Tesco under fire over ‘pay to play’ money
Tesco has been asking for up to €500,000 per supplier to gain shelf space in its 119 stores across the country, according to The Irish Times.
12 March 2010 | 0
The Irish Times reported that Tesco has been demanding millions of euro from Irish suppliers over the past few months in order to continue stocking their products on the supermarket’s shelves.
According to the paper the chain was asking for up to half a million euro per supplier in order to gain shelf space in its 119 stores around the country.
There have also been complaints about other large retailers making similar demands on suppliers but those made by Tesco are much higher. Three suppliers have told The Irish Times they were asked to pay substantial six-figure sums to have their products relisted on Tesco’s shelves, or to keep them there.

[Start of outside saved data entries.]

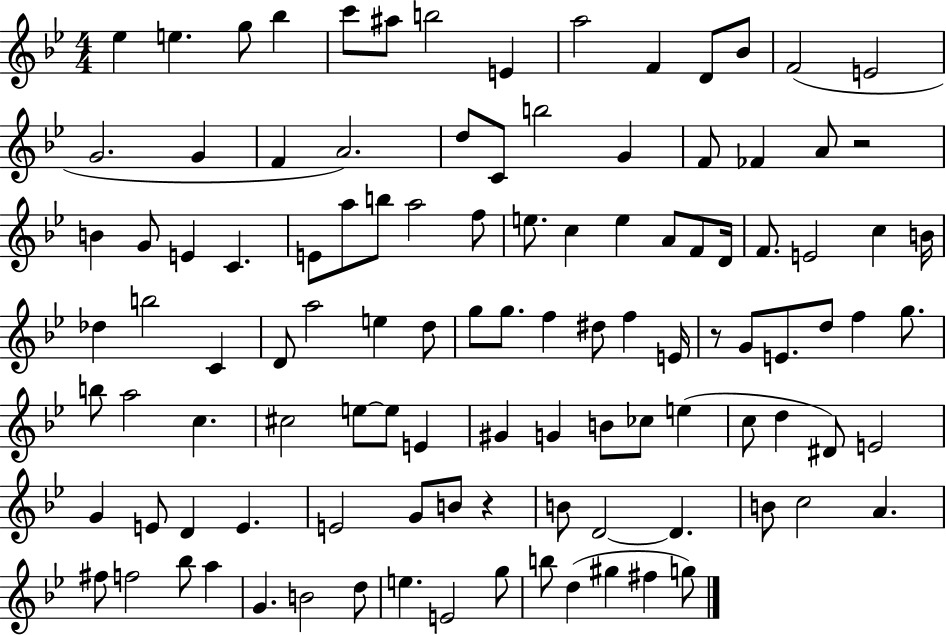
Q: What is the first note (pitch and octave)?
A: Eb5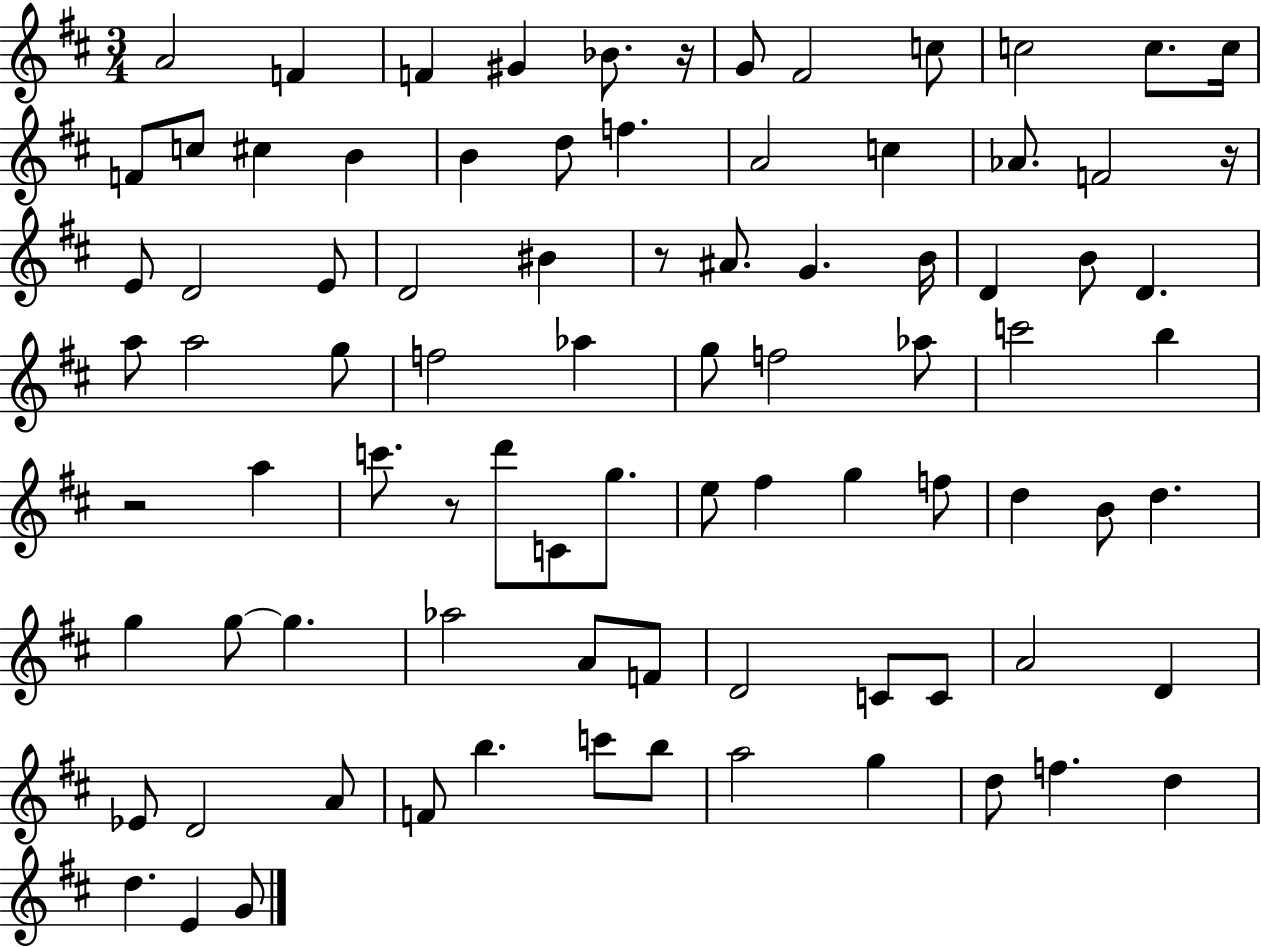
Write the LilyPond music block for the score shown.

{
  \clef treble
  \numericTimeSignature
  \time 3/4
  \key d \major
  a'2 f'4 | f'4 gis'4 bes'8. r16 | g'8 fis'2 c''8 | c''2 c''8. c''16 | \break f'8 c''8 cis''4 b'4 | b'4 d''8 f''4. | a'2 c''4 | aes'8. f'2 r16 | \break e'8 d'2 e'8 | d'2 bis'4 | r8 ais'8. g'4. b'16 | d'4 b'8 d'4. | \break a''8 a''2 g''8 | f''2 aes''4 | g''8 f''2 aes''8 | c'''2 b''4 | \break r2 a''4 | c'''8. r8 d'''8 c'8 g''8. | e''8 fis''4 g''4 f''8 | d''4 b'8 d''4. | \break g''4 g''8~~ g''4. | aes''2 a'8 f'8 | d'2 c'8 c'8 | a'2 d'4 | \break ees'8 d'2 a'8 | f'8 b''4. c'''8 b''8 | a''2 g''4 | d''8 f''4. d''4 | \break d''4. e'4 g'8 | \bar "|."
}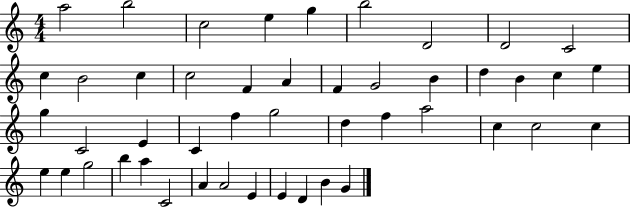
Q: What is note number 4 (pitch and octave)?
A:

Asked about the payments, Tesco said that “normal negotiations are under way with a range of suppliers”.
Requesting “pay to play” money is not illegal but it increases the overall cost of the goods for consumers. Although suppliers admit they feel bullied by Tesco they will not speak on the record for fear of being delisted.
Jim Power, an economist who chairs the Love Irish Food campaign, called on the Competition Authority to investigate.
He said he was aware of the pressure suppliers were being put under. “This cannot be allowed to happen because it will destroy an important strand of the fabric of Irish society. Irish suppliers cannot be pushed out of the market as part of the Tescoisation of society. There’s a difference between what’s not illegal and what’s not in the best interests of our society.”
A survey undertaken by Shelflife in November revealed that 95% of retailers felt under increased pressure to agree to less favourable conditions from larger retailers. It also revealed that 50% of suppliers had been threatened with delisting of products and that Dunnes Stores had applied the most pressure to reduce prices and/or alter terms of their conditions.
Last year, Tesco made profits of about €250 million in the Irish market, which is one of the most profitable parts of its worldwide retail empire.